What is expected:
Directions for the data below: repeat exactly the lines from the one with "gård och garage" through the one with "Modern Iron Triangle", both included, and omit all pictures.

==== Material for this task

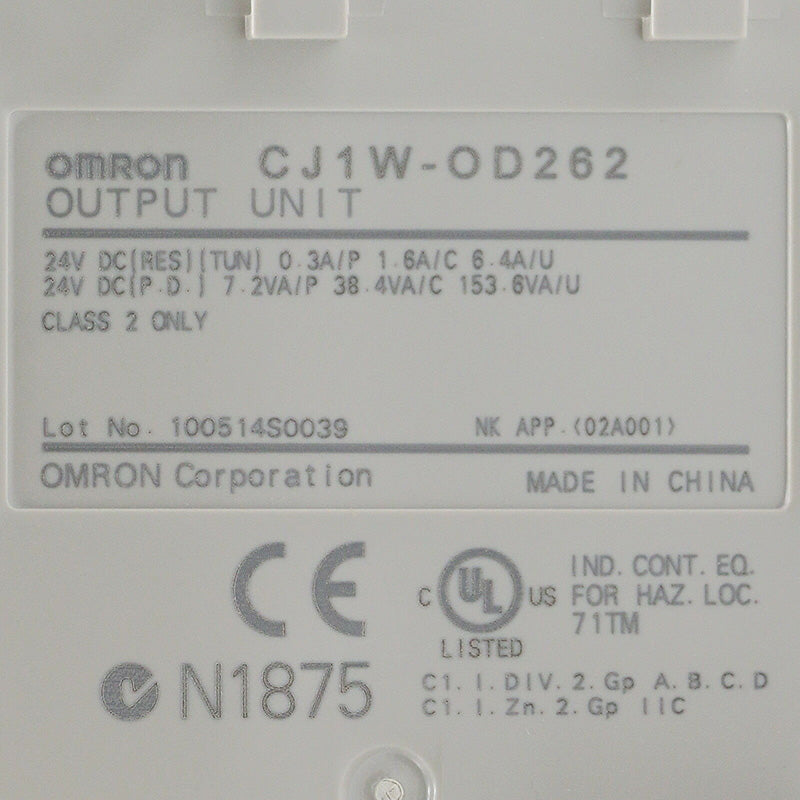 歐姆龍CJ1W-OD262 PLC模組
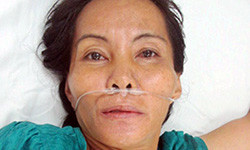 Nghi can Nguyễn Thị Vân đang điều trị tâm thần. Ảnh: C.A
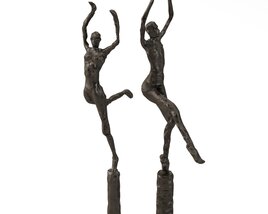 Bronze Ballet Dancers 3D 모델 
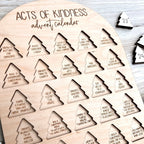 Advent Calendar – Wooden Christmas Countdown Calendar-Christmas Decorations-Unique Casa-Unique Casa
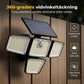 📢📢Sista dagen – 50 % rabatt!! ☀️💡 Solcellsdriven utomhusvägglampa med 3 lampor – rörelsesensor för trädgård, gård och garage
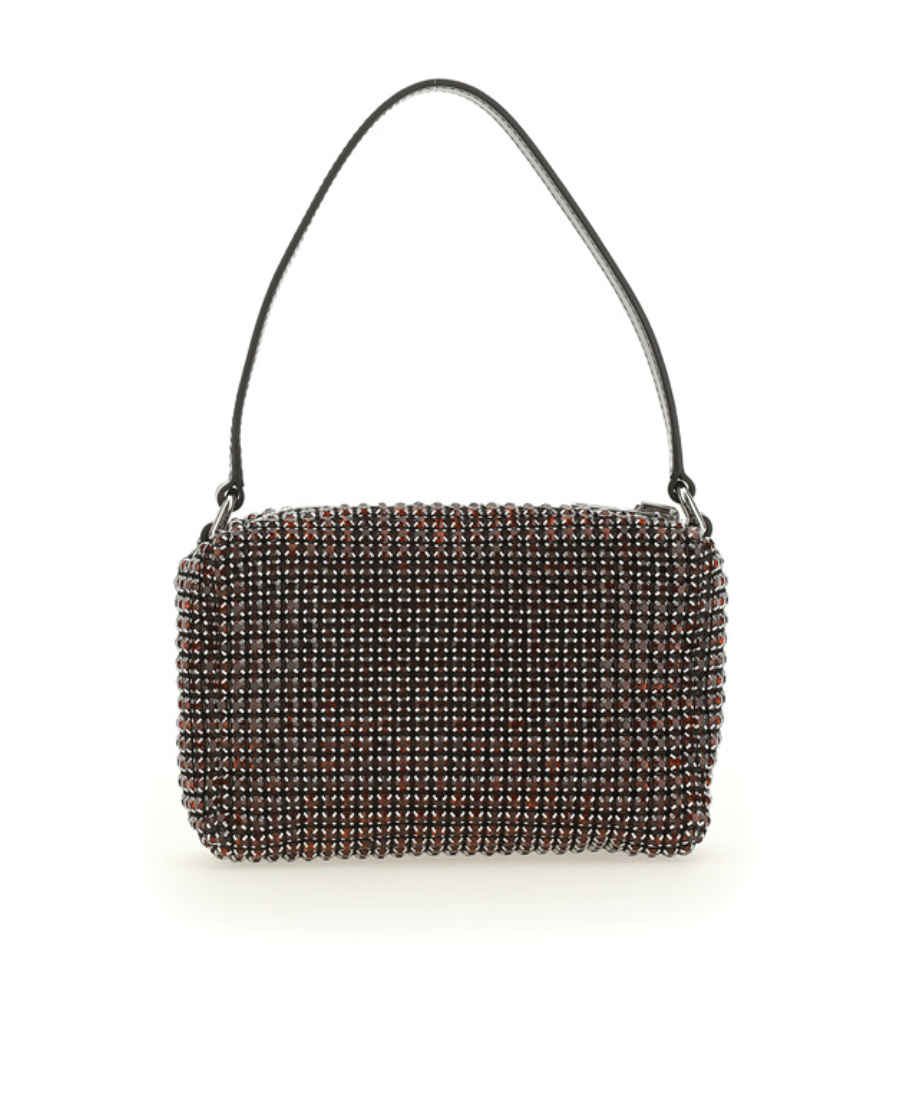Alexander Wang Heiress Crystal-embellished Mini Bag In Black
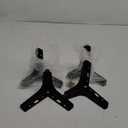 Modern Iron Triangle Furniture Legs Easy to Install Sturdy Metal Legs for Sofa Dresser Table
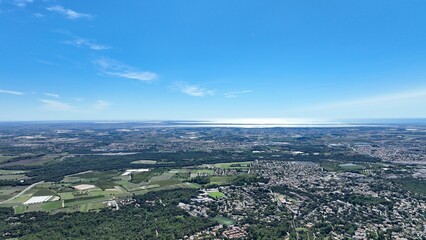 aqueduc de Castries dans l'Hérault, Occitanie, France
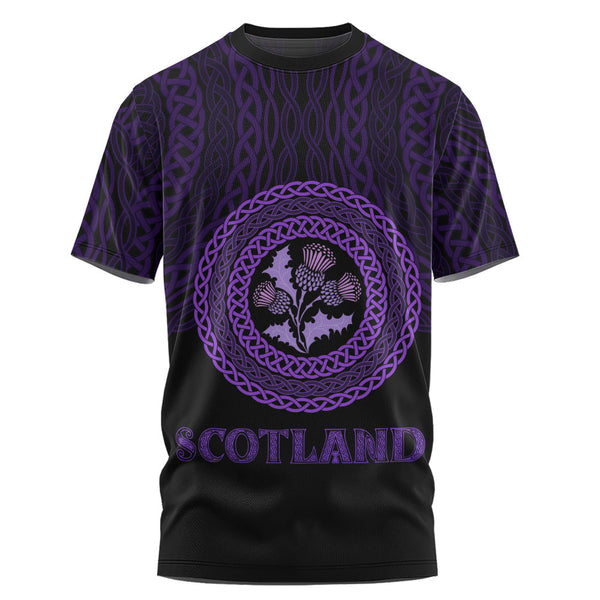 Scotland T-Shirt Thistle Embrace of the Celtic Night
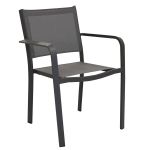 SPLENDOR - poltrona da giardino in alluminio e textilene impilabile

========

The completed task:
 📢📢Sista dagen – 50 % rabatt!! ☀️💡 Solcellsdriven utomhusvägglampa med 3 lampor – rörelsesensor för trädgård, gård och garage
Alexander Wang Heiress Crystal-embellished Mini Bag In Black
 Modern Iron Triangle Furniture Legs Easy to Install Sturdy Metal Legs for Sofa Dresser Table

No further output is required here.